Print each entry precisely; exclude the pictures.

Records for the task section start

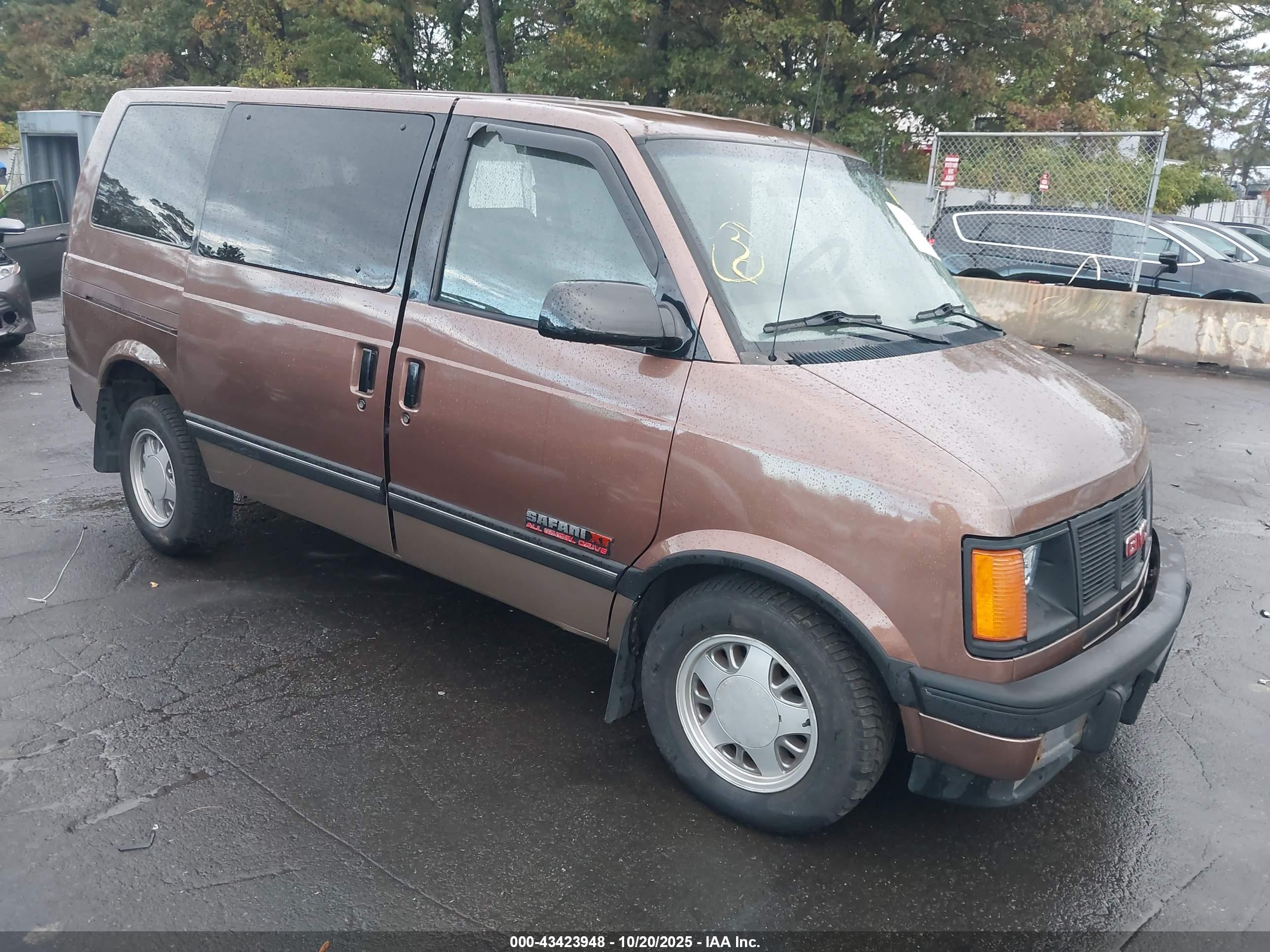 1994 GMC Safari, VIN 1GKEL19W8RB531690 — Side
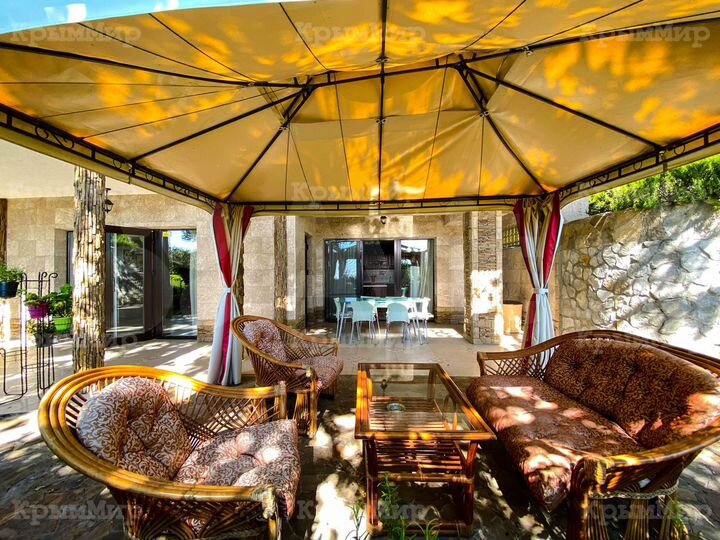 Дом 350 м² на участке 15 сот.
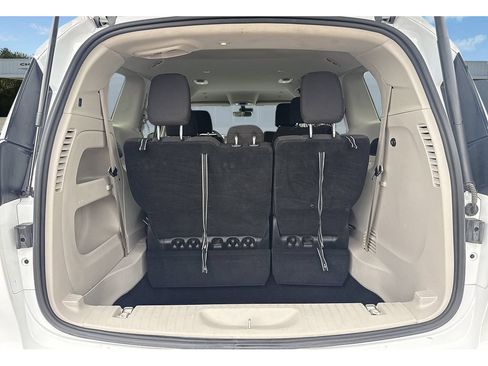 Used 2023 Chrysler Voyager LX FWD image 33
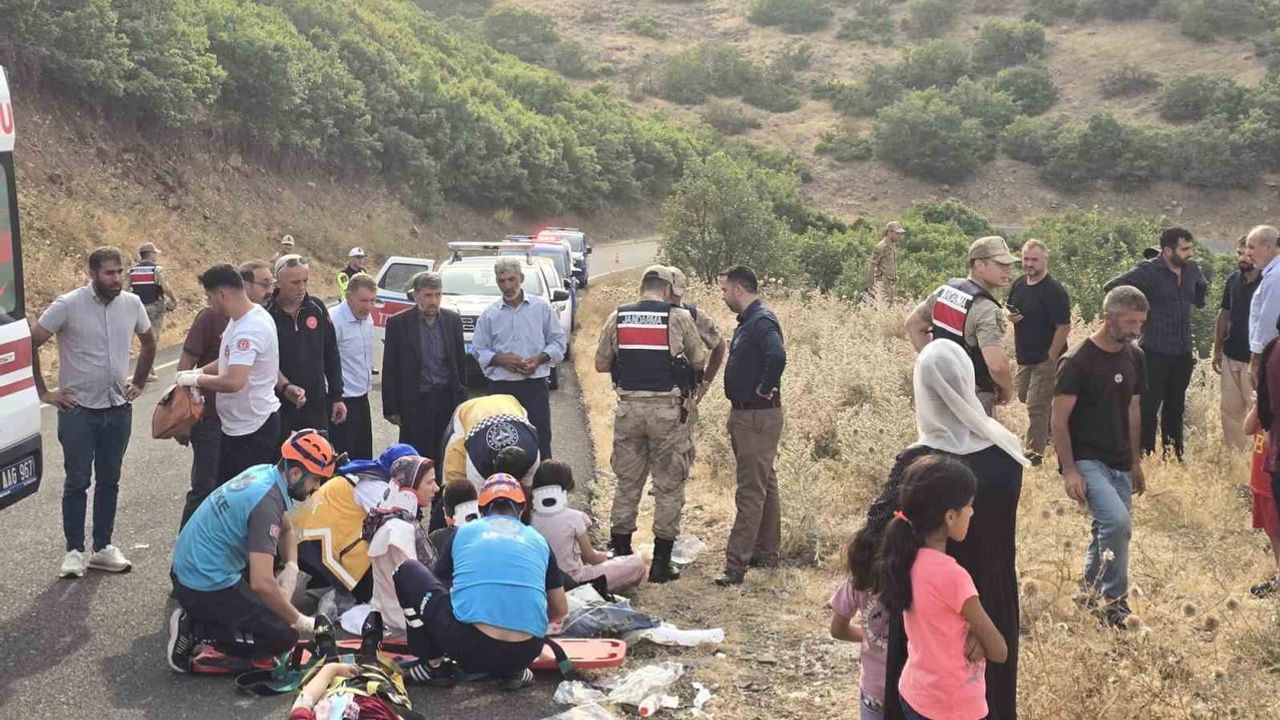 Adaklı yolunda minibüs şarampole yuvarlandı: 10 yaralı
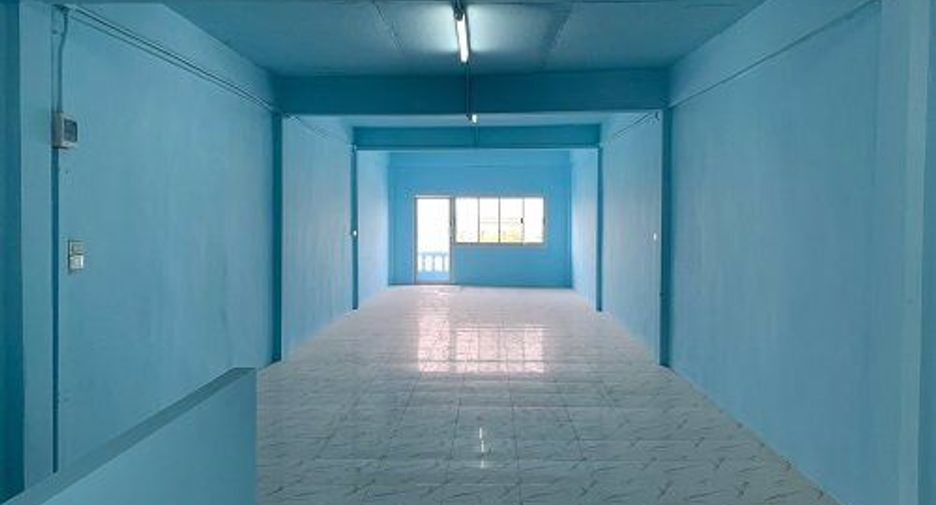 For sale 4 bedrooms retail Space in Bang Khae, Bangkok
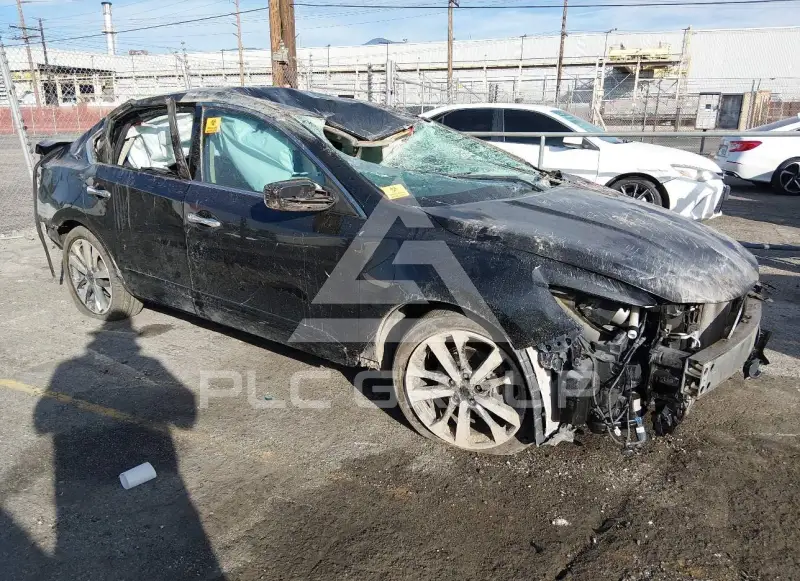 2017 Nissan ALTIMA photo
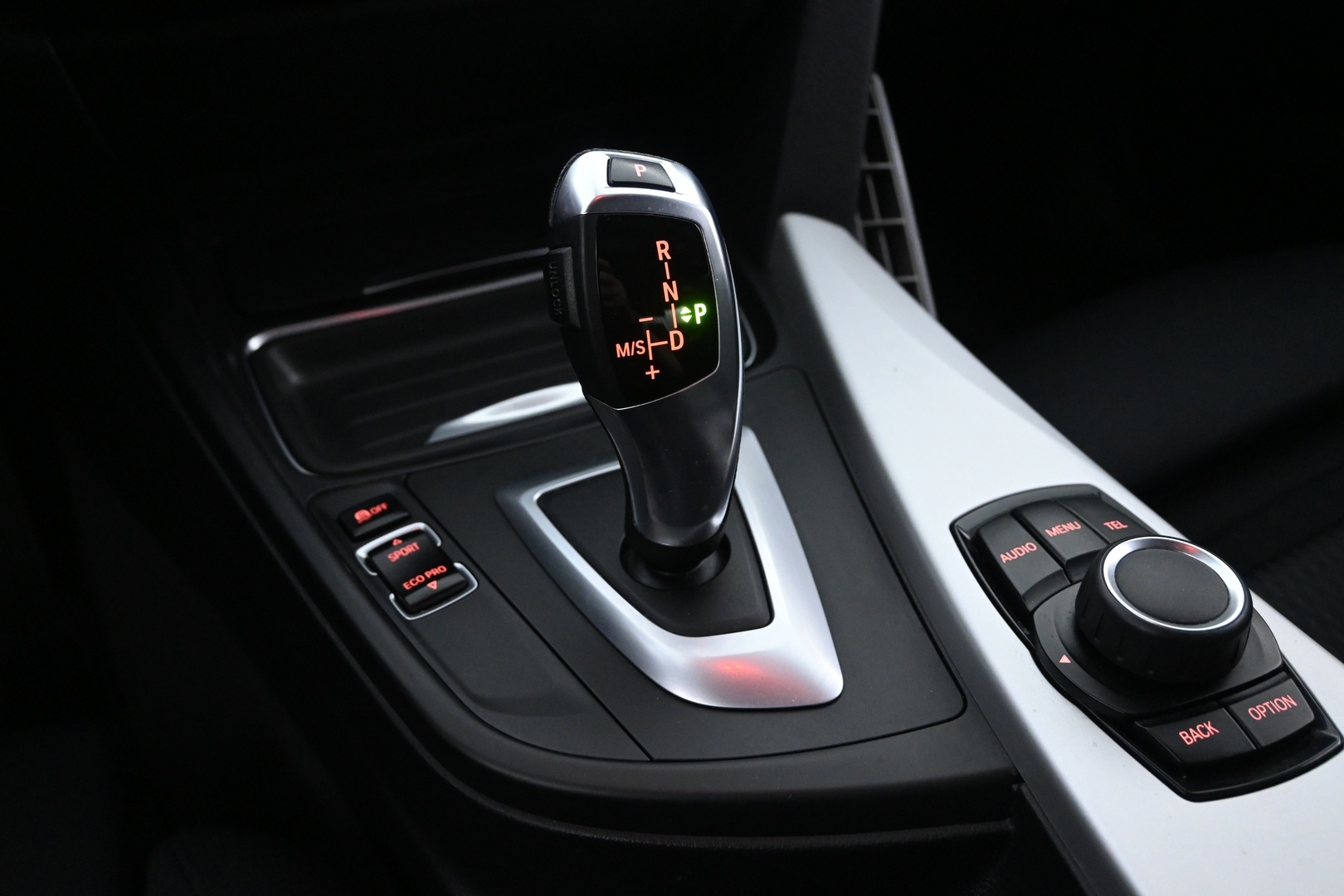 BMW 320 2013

Records for the task section end

Expected answer –
 1994 GMC Safari, VIN 1GKEL19W8RB531690 — Side
 Дом 350 м² на участке 15 сот.
 Used 2023 Chrysler Voyager LX FWD image 33
 Adaklı yolunda minibüs şarampole yuvarlandı: 10 yaralı
 For sale 4 bedrooms retail Space in Bang Khae, Bangkok
 2017 Nissan ALTIMA photo
 BMW 320 2013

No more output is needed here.